**What is being asked**
Everything from the line with "have to be study." down to the last line of the material below must be written out exactly. Leave out all other lines.

**Entries shown**
────────────────────
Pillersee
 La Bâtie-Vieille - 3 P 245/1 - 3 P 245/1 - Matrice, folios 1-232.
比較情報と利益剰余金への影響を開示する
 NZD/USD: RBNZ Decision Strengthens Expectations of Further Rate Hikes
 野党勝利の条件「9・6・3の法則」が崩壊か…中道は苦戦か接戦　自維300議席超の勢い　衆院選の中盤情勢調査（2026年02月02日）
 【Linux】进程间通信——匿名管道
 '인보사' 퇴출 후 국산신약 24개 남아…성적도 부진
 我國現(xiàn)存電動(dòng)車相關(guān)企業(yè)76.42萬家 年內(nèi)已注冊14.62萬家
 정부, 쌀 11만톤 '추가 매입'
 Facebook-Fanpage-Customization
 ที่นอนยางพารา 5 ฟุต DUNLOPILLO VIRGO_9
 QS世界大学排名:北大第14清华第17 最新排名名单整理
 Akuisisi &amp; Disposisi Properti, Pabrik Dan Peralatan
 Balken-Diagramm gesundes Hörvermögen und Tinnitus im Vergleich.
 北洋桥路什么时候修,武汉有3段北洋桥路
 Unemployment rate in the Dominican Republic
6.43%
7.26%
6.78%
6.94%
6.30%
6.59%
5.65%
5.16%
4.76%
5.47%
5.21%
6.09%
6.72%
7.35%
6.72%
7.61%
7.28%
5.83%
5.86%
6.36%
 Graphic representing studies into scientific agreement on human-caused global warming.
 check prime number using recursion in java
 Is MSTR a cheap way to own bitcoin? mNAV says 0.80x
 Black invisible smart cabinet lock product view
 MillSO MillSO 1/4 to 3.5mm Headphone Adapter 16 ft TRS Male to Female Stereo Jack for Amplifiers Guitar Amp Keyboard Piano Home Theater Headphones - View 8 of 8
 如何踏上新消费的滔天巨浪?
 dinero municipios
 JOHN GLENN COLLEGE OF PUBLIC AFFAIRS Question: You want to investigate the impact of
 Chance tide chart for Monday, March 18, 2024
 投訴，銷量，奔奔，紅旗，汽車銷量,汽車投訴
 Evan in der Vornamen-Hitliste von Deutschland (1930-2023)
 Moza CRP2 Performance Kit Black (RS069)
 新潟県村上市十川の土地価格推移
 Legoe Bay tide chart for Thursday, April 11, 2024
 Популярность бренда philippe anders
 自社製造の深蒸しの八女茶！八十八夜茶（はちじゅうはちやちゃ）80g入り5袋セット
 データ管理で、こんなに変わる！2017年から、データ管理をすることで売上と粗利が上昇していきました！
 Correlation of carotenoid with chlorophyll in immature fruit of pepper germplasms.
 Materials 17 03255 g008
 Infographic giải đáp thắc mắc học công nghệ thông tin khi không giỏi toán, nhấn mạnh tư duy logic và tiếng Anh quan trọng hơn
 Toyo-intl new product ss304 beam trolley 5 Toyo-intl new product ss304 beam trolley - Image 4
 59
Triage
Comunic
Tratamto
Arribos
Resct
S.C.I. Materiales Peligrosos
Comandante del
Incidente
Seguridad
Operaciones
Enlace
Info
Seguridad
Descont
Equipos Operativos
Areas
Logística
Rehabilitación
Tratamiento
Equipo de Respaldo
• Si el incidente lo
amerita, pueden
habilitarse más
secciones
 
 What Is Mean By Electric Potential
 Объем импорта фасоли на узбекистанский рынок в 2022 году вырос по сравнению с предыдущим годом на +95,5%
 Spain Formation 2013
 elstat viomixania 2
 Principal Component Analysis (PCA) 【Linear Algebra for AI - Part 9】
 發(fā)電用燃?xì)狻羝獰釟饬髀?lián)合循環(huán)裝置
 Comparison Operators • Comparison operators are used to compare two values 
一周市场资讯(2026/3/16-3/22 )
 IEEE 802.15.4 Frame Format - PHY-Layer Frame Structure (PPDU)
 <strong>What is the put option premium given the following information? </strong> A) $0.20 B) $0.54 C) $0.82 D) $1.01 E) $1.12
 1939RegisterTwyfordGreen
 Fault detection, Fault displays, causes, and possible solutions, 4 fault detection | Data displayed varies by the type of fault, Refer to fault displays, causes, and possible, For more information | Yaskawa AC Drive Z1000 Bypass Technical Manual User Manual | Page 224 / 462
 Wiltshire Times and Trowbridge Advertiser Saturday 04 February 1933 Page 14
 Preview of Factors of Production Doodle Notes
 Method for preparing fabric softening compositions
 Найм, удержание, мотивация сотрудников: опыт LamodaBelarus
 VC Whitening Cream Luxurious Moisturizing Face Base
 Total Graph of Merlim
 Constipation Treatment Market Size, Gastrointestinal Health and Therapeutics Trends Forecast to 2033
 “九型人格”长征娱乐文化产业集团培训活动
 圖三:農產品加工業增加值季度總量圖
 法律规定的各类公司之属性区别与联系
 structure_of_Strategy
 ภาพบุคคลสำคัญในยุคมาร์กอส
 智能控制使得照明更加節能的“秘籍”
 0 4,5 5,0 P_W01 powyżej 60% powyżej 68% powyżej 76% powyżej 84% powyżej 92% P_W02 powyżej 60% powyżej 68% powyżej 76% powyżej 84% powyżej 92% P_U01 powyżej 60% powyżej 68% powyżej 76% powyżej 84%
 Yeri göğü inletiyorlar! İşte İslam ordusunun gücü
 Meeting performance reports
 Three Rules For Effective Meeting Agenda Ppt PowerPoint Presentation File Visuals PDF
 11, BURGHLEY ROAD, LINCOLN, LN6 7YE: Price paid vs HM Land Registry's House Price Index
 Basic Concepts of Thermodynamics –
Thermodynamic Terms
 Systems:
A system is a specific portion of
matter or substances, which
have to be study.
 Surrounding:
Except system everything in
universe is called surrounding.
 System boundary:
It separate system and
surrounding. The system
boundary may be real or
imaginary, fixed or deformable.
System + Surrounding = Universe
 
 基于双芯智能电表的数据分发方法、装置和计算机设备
────────────────────
**Your response**
have to be study.
 Surrounding:
Except system everything in
universe is called surrounding.
 System boundary:
It separate system and
surrounding. The system
boundary may be real or
imaginary, fixed or deformable.
System + Surrounding = Universe
 
 基于双芯智能电表的数据分发方法、装置和计算机设备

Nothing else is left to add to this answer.